**Assignment**
Using the records below, output the stretch that opens with the line containing "Adam’s Safe And Security" and closes with the line containing "Bain Thong Sandal", exactly and including both lines, with nothing more.

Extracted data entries
▽

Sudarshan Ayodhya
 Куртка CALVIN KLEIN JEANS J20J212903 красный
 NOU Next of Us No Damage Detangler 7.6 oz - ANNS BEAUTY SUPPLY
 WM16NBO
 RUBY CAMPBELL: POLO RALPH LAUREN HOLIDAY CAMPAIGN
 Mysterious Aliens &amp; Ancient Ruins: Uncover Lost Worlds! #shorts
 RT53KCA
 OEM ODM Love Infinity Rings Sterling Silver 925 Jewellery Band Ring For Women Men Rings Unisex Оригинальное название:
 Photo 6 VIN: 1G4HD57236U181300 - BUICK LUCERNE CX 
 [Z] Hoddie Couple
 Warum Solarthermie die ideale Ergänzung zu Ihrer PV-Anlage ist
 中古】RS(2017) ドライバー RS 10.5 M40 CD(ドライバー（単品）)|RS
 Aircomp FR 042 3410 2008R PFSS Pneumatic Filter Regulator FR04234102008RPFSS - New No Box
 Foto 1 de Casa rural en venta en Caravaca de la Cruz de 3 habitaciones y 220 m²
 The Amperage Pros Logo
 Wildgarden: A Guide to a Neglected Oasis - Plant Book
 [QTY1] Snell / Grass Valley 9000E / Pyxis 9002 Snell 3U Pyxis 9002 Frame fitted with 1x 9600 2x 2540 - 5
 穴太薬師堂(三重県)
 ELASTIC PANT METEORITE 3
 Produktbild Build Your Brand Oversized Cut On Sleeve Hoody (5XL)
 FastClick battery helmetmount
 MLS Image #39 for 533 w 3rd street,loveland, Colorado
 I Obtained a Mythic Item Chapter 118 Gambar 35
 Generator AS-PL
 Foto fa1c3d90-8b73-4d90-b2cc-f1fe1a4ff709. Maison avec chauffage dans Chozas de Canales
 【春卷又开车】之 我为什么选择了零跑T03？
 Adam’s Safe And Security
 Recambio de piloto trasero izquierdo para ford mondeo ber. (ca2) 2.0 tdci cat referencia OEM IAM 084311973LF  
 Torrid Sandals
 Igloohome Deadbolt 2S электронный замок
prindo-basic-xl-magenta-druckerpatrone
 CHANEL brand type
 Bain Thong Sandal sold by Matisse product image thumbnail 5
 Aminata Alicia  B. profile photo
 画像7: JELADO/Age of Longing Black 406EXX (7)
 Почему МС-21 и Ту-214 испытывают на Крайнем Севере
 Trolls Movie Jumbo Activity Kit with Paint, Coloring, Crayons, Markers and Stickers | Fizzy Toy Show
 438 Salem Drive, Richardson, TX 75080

△

**Answer area**
 Adam’s Safe And Security
 Recambio de piloto trasero izquierdo para ford mondeo ber. (ca2) 2.0 tdci cat referencia OEM IAM 084311973LF  
 Torrid Sandals
 Igloohome Deadbolt 2S электронный замок
prindo-basic-xl-magenta-druckerpatrone
 CHANEL brand type
 Bain Thong Sandal sold by Matisse product image thumbnail 5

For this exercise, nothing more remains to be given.